Le 16/02/2012 14:16,
nadia.derbey@bull.net a écrit :
Hi Jeff,
Sorry for the delay, but my victim with 2 ib
devices
had been stolen ;-)
So, I ported the patch on the v1.5 branch and
finally
could test it.
Actually, there is no
opal_hwloc_base_get_topology()
in v1.5 so I had to set
the hwloc flags in ompi_mpi_init() and
orte_odls_base_open()
(i.e. the places
where opal_hwloc_topology is initialized).
With the new flag set,
hwloc_get_nbobjs_by_type(opal_hwloc_topology,
HWLOC_OBJ_CORE)
is now seeing the actual number of cores on the
node
(instead of 1 when our
cpuset is a singleton).
Since opal_paffinity_base_get_processor_info()
calls
module_get_processor_info()
(in hwloc/paffinity_hwloc_module.c), which in
turn
calls hwloc_get_nbobjs_by_type(),
we are now getting the right number of cores in
get_ib_dev_distance().
So we are looping over the exact number of
cores,
looking for a potential binding.
So as a conclusion, there's no need for any
other
patch: the fix you committed
was the only one needed to fix the issue.
I didn't follow this entire thread in details, but I am feeling that
something is wrong here. The flag fixes your problem indeed, but I
think it may break binding too.

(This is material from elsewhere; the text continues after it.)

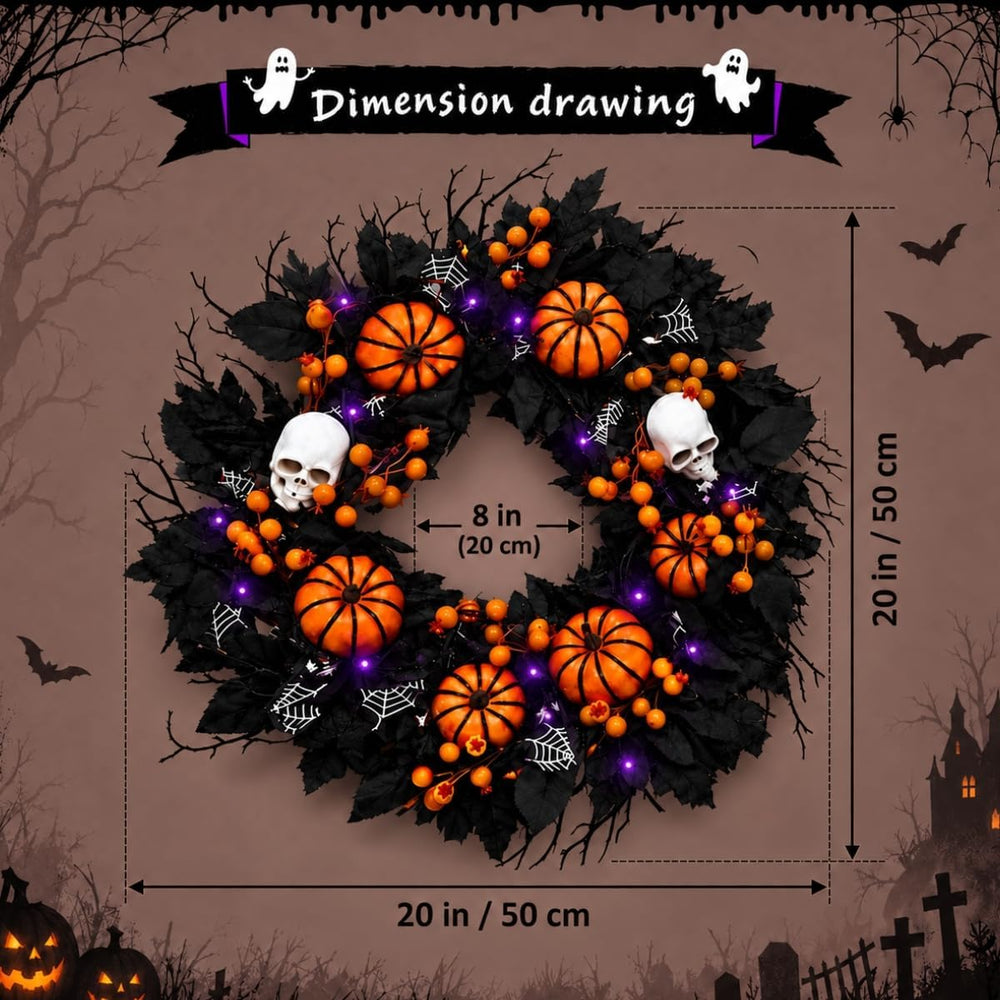 20" Halloween Wreath for Front Door, Black Gothic Spooky Outdoor Dรฉcor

It's basically making all
"unavailable resources" available. So the binding code may end up
trying to bind processes on cores that it can't actually use.
If srun gives you the first cores of the machine, it works fine
because OMPI tries to use the first cores and those are available.
But did you ever try when srun gives the second socket only for
instance? Or whichever part of the machine that does not contain the
first cores ? I think OMPI will still try to bind on the first cores
if the flag is set, but those are not available for binding.
Unless I am missing something, the proper fix would be to have two
instances of the topology. One with the entire machine (for people
that really want to consult all physical resources), and one for the
really available part of machine (mostly used for binding).